TAIGen: Training-Free Adversarial Image Generation via Diffusion Models
Susim Roy 1,2, Anubhooti Jain 2, Mayank Vatsa 2, Richa Singh 2
Published on arXiv
2508.15020
Input Manipulation Attack
OWASP ML Top 10 — ML01
Key Finding
Achieves up to 97.8% attack success rate against ShuffleNet (with VGGNet as source) on ImageNet while generating adversarial examples 10x faster than existing diffusion-based attacks.
TAIGen
Novel technique introduced
Adversarial attacks from generative models often produce low-quality images and require substantial computational resources. Diffusion models, though capable of high-quality generation, typically need hundreds of sampling steps for adversarial generation. This paper introduces TAIGen, a training-free black-box method for efficient adversarial image generation. TAIGen produces adversarial examples using only 3-20 sampling steps from unconditional diffusion models. Our key finding is that perturbations injected during the mixing step interval achieve comparable attack effectiveness without processing all timesteps. We develop a selective RGB channel strategy that applies attention maps to the red channel while using GradCAM-guided perturbations on green and blue channels. This design preserves image structure while maximizing misclassification in target models. TAIGen maintains visual quality with PSNR above 30 dB across all tested datasets. On ImageNet with VGGNet as source, TAIGen achieves 70.6% success against ResNet, 80.8% against MNASNet, and 97.8% against ShuffleNet. The method generates adversarial examples 10x faster than existing diffusion-based attacks.
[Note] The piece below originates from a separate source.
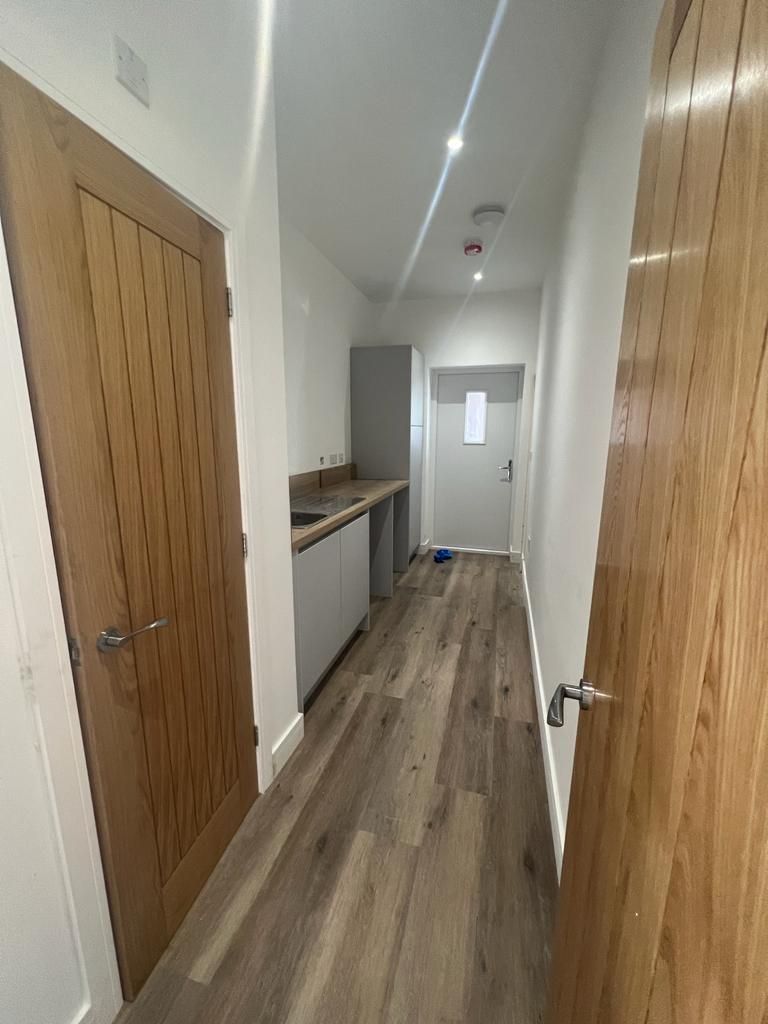 Narrow hallway with wooden doors and flooring, a small kitchenette, and a door at the end.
Our method achieves the lowest robust accuracy, indicating it is the most impactful attack as the defense mechanism is least successful in purifying the images generated by TAIGen.
Key Contributions
- Training-free black-box adversarial example generation via unconditional diffusion models requiring only 3–20 sampling steps instead of hundreds
- Selective RGB channel strategy applying attention maps to the red channel and GradCAM-guided MI-FGSM perturbations to green and blue channels to preserve image structure while maximizing misclassification
- 10x speedup over existing diffusion-based adversarial attacks while maintaining PSNR above 30 dB and achieving up to 97.8% attack success rate on ImageNet
🛡️ Threat Analysis
TAIGen generates adversarial examples that cause misclassification at inference time using a diffusion model with GradCAM-guided perturbations and MI-FGSM momentum, targeting black-box image classifiers through transferability.